J Headache Pain. 2005 Sep;6(4):213-5. doi: 10.1007/s10194-005-0188-8.
This study evaluates osmophobia (defined as an unpleasant perception, during a headache attack, of odours that are non-aversive or even pleasurable outside the attacks) in connection with the diagnosis of primary headaches. We recruited 775 patients from our Headache Centre (566 females, 209 males; age 38+/-12 years), of whom 477 were migraineurs without aura (MO), 92 with aura (MA), 135 had episodic tension-type headache (ETTH), 44 episodic cluster headache (ECH), 2 chronic paroxysmal hemicrania (CPH) and 25 other primary headaches (OPHs: 12 primary stabbing headaches, 2 primary cough headaches, 3 primary exertional headaches, 2 primary headaches associated with sexual activity, 3 hypnic headaches, 2 primary thunderclap headaches and 1 hemicrania continua). Among them, 43% with MO (205/477), 39% with MA (36/92), and 7% with CH (3/44) reported osmophobia during the attacks; none of the 135 ETTH and 25 OPH patients suffered this symptom. We conclude that osmophobia is a very specific marker to discriminate adequately between migraine (MO and MA) and ETTH; moreover, from this limited series it seems to be a good discriminant also for OPHs, and for CH patients not sharing neurovegetative symptoms with migraine. Therefore, osmophobia should be considered a good candidate as a new criterion for the diagnosis of migraine.

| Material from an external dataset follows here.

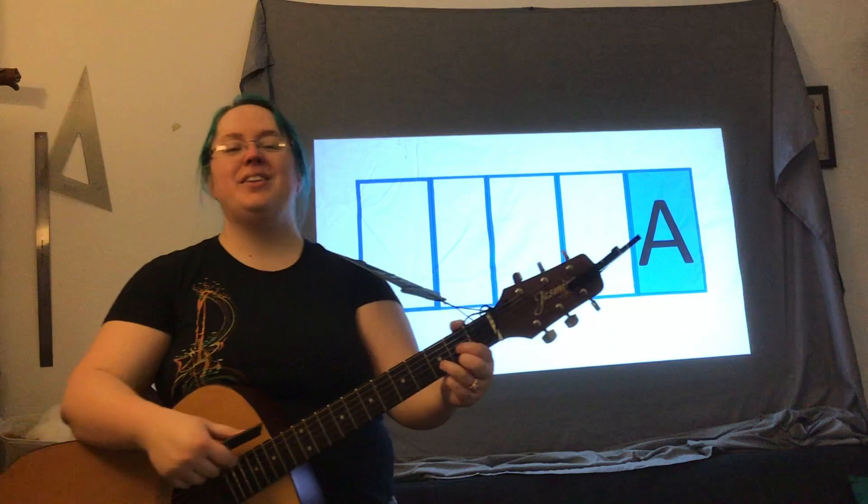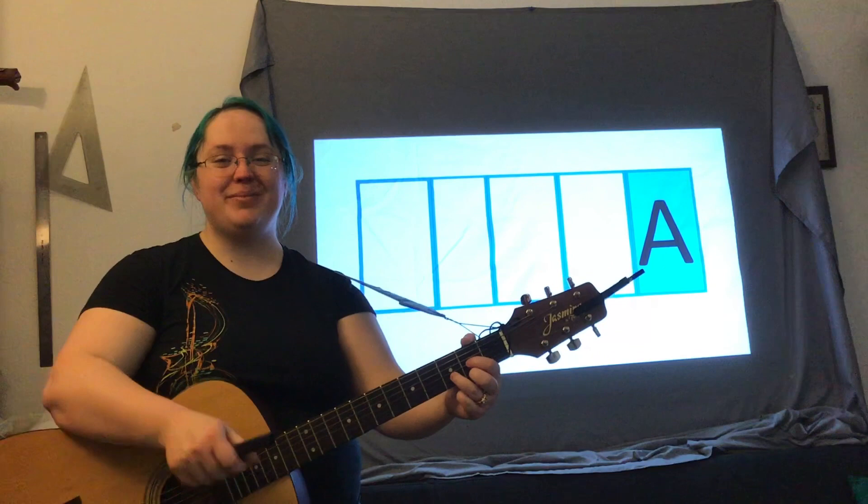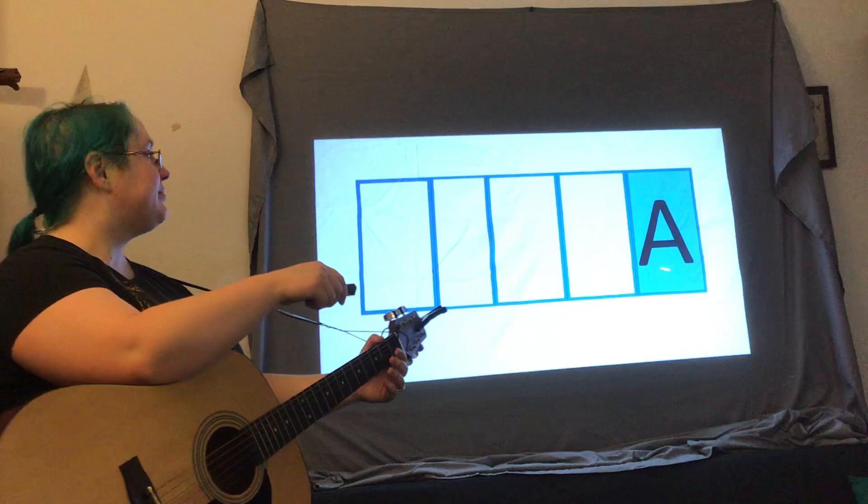There was a teacher, had a kid, and Clara was her name-o. A, A, A, and Clara was her name-o. What's the last letter in Clara's name? The letter A. Goodbye, A.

本研究评估恐嗅症(定义为在头痛发作期间,对在发作之外并无厌恶甚至令人愉悦的气味产生不愉快的感觉)与原发性头痛诊断之间的关系。我们从头痛中心招募了775名患者(566名女性,209名男性;年龄38±12岁),其中477名是无先兆偏头痛患者(MO),92名有先兆偏头痛患者(MA),135名有发作性紧张型头痛(ETTH),44名发作性丛集性头痛(ECH),2名慢性阵发性半侧头痛(CPH)以及25名其他原发性头痛患者(OPH:12名原发性刺痛性头痛,2名原发性咳嗽性头痛,3名原发性劳力性头痛,2名与性活动相关的原发性头痛,3名睡眠性头痛,2名原发性霹雳样头痛以及1名持续性半侧头痛)。其中,43%的MO患者(205/477)、39%的MA患者(36/92)以及7%的CH患者(3/44)在发作期间报告有恐嗅症;135名ETTH患者和25名OPH患者均未出现此症状。我们得出结论,恐嗅症是在偏头痛(MO和MA)与ETTH之间进行充分鉴别的非常特异的标志物;此外,从这个有限的系列研究来看,它似乎也是OPH以及不伴有偏头痛自主神经症状的CH患者的良好鉴别指标。因此,恐嗅症应被视为偏头痛诊断新标准的一个良好候选指标。